Once "Apartamento à venda" turns up in a line below, reproduce that line and those after it exactly, stopping after the line with "Apartemen di Dubai"; leave pictures out.

══ Material provided ══

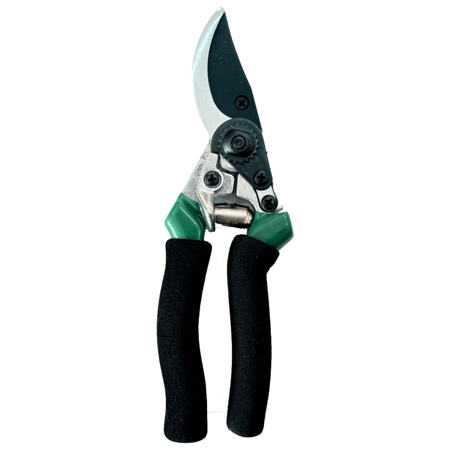 JedEn | مقص تقليم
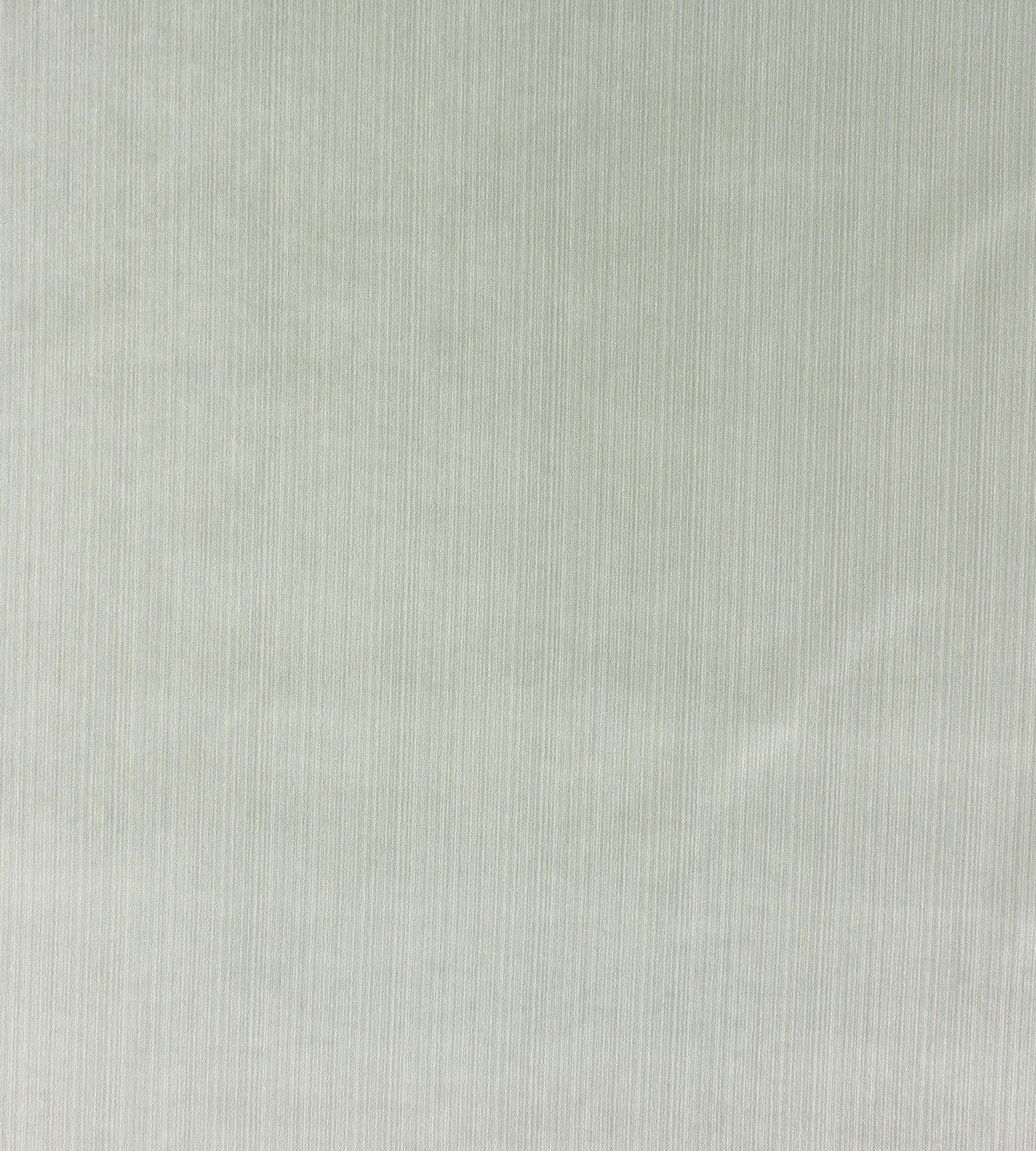 Purchase Old World Weavers Fabric Product VW 0010STRI, Strie Velvet Sage 2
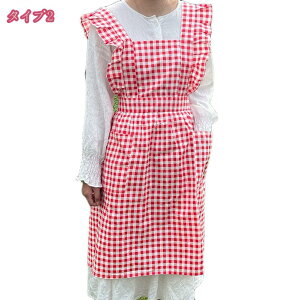 1000~OFFN[| `FbN Gv 킢  s[X^ obONX ߉\ t |Pbgt | O fB[X s[X^Cv { k tGv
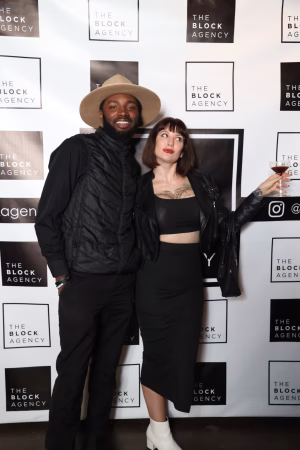 Jabri Harrison - Gallery Image 19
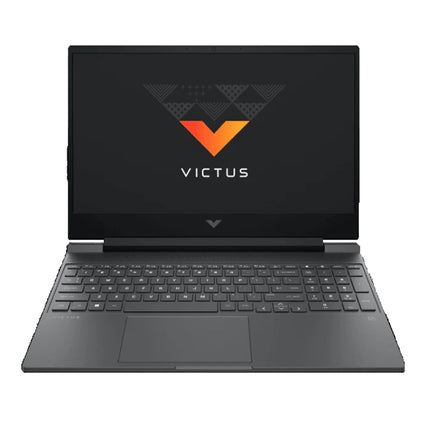 Laptop HP Victus Gaming 15-FA2082WM 15.6" Intel Core i5 512GB SSD 16GB RTX 4050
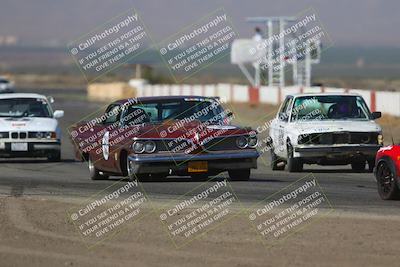 media/Oct-02-2022-24 Hours of Lemons (Sun) [[cb81b089e1]]/1040am (Braking Zone)/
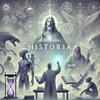 undefined Alternativ Historia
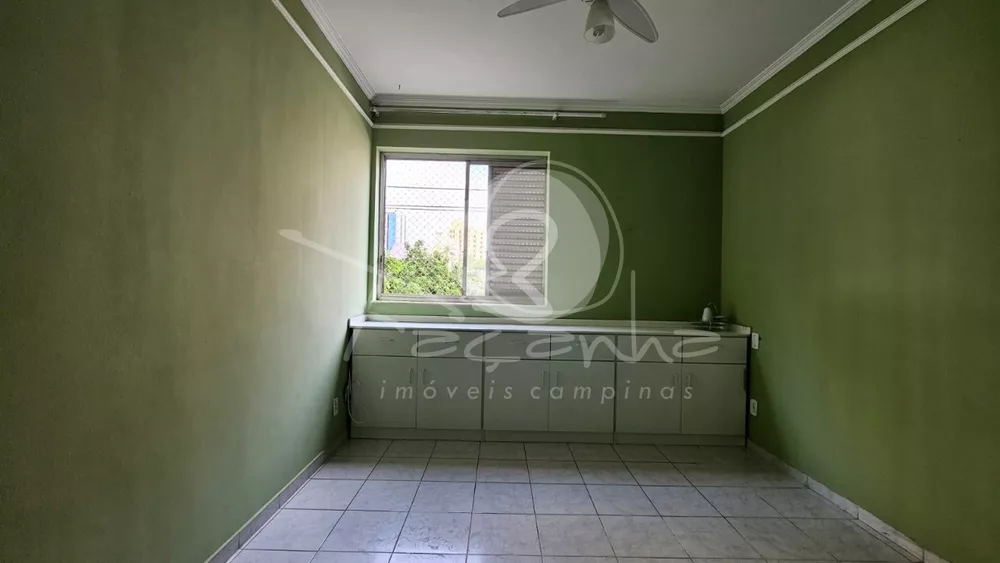 Apartamento à venda com 3 quartos, 161m² - Foto 10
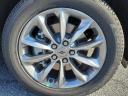 Thumbnail image of 2023 Dodge Durango at Lancaster Dodge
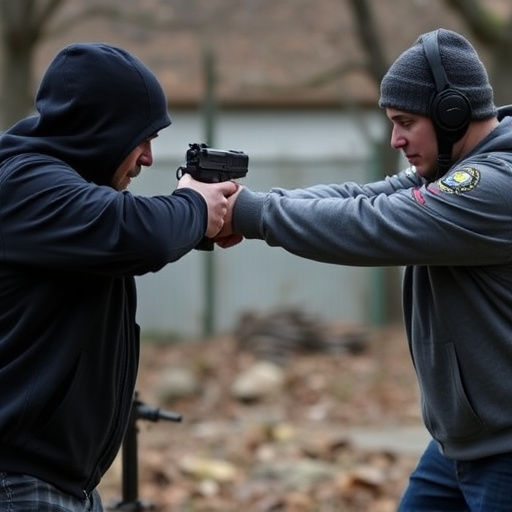non-lethal-self-defense-640x480-38688819.jpeg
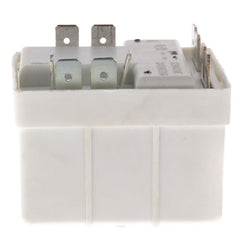 Copeland 940-0001-55 Potential Relay Kit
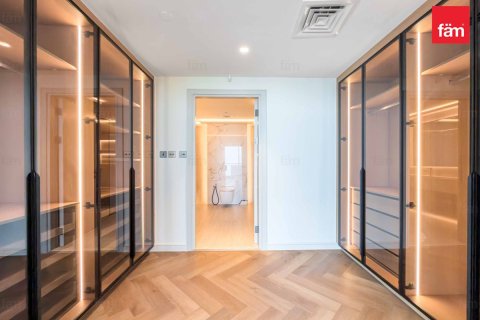 Apartemen di Dubai Marina, UEA 3 kamar tidur, 276.8 m2 nomor 719060 - foto 19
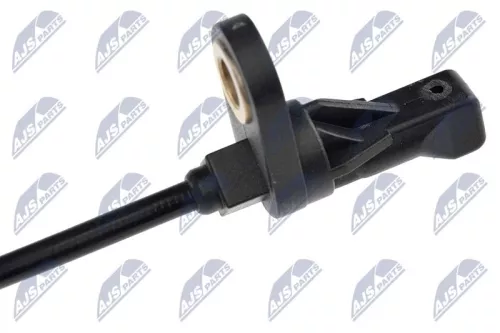 NTY NTY HCA-CT-015 Sensor, wheel speed 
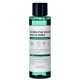 SOME BY MI AHA-BHA-PHA 30 Days Miracle Toner Problémás Bőrre 150ml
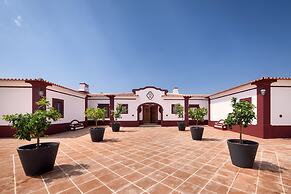 Casa do Governador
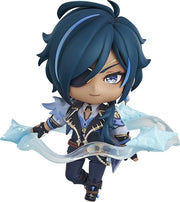 Nendoroid Genshin Impact Kaeya Figure official AmiAmi product image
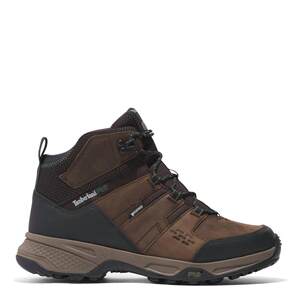 【美国直邮】timberland 男士 靴子 【付后1h可退】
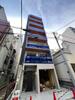 阪東橋駅より徒歩6分 8階 築2年2ヶ月の賃貸物件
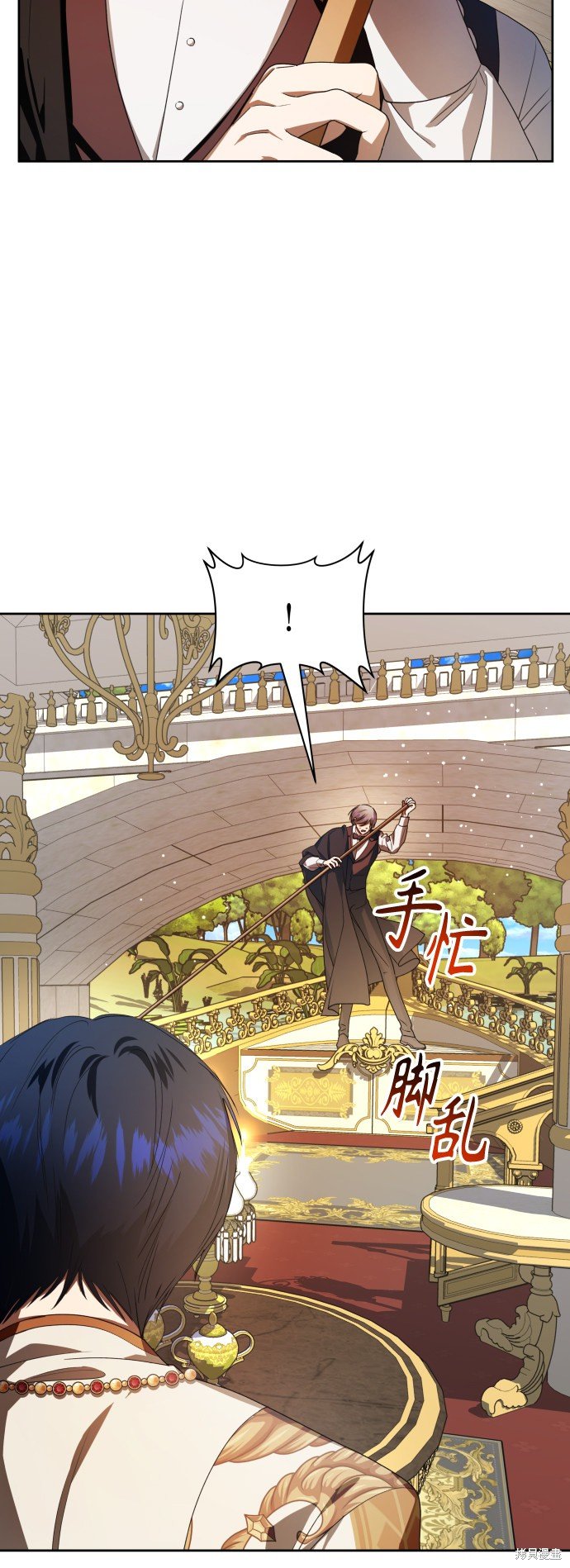 第61话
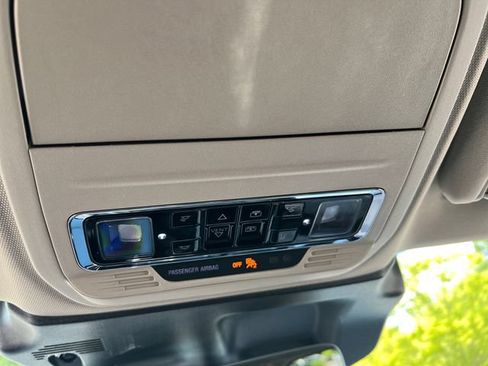 New 2026 Lincoln Corsair Reserve AWD/4WD image 26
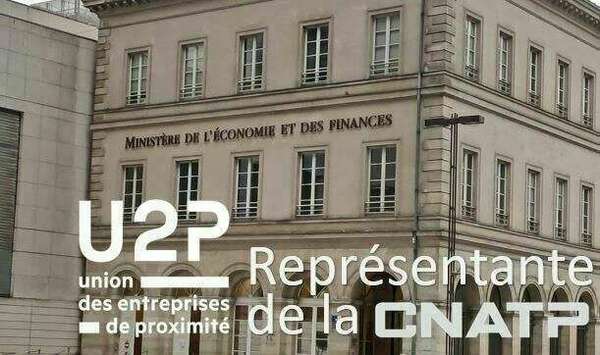 RÉUNION MINISTÉRIELLE DU 13 OCTOBRE 2022 SUR LES CONSÉQUENCES DE LA CRISE ÉNERGETIQUE ET DE LA PÉNURIE DES CARBURANTS POUR LES ENTREPRISES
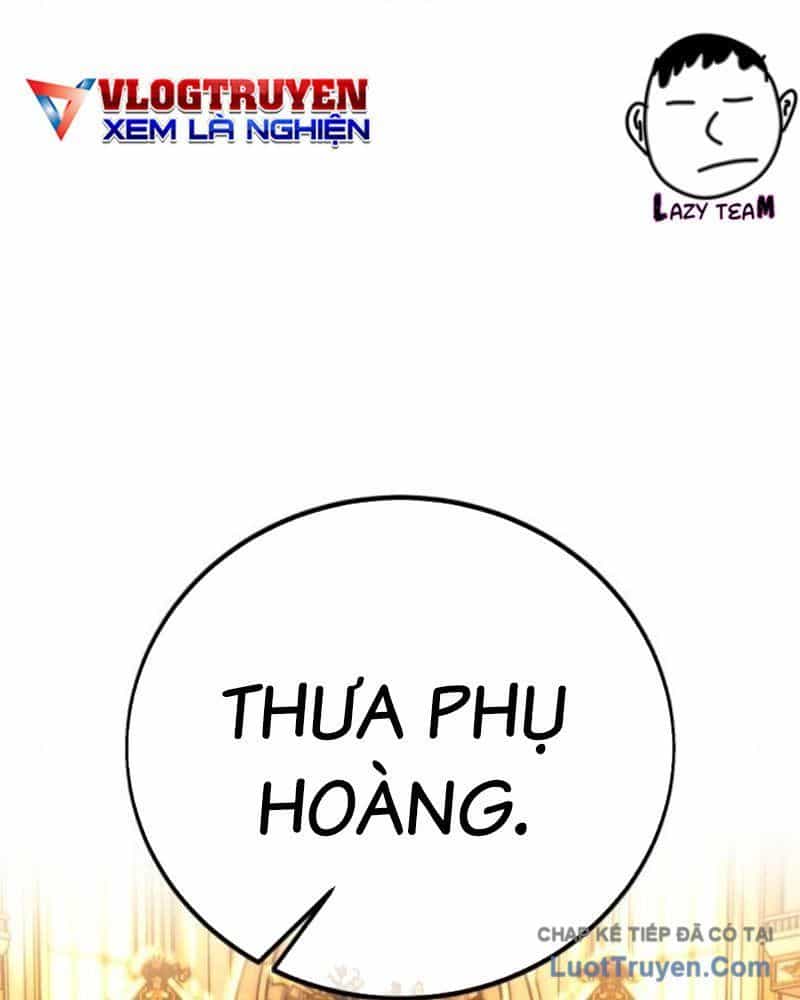 Hướng Dẫn Sinh Tồn Trong Học Viện - Chương 90 - ảnh 181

═══

§ **Solved problem**:
 Apartamento à venda com 3 quartos, 161m² - Foto 10
 Thumbnail image of 2023 Dodge Durango at Lancaster Dodge
non-lethal-self-defense-640x480-38688819.jpeg
 Copeland 940-0001-55 Potential Relay Kit
 Apartemen di Dubai Marina, UEA 3 kamar tidur, 276.8 m2 nomor 719060 - foto 19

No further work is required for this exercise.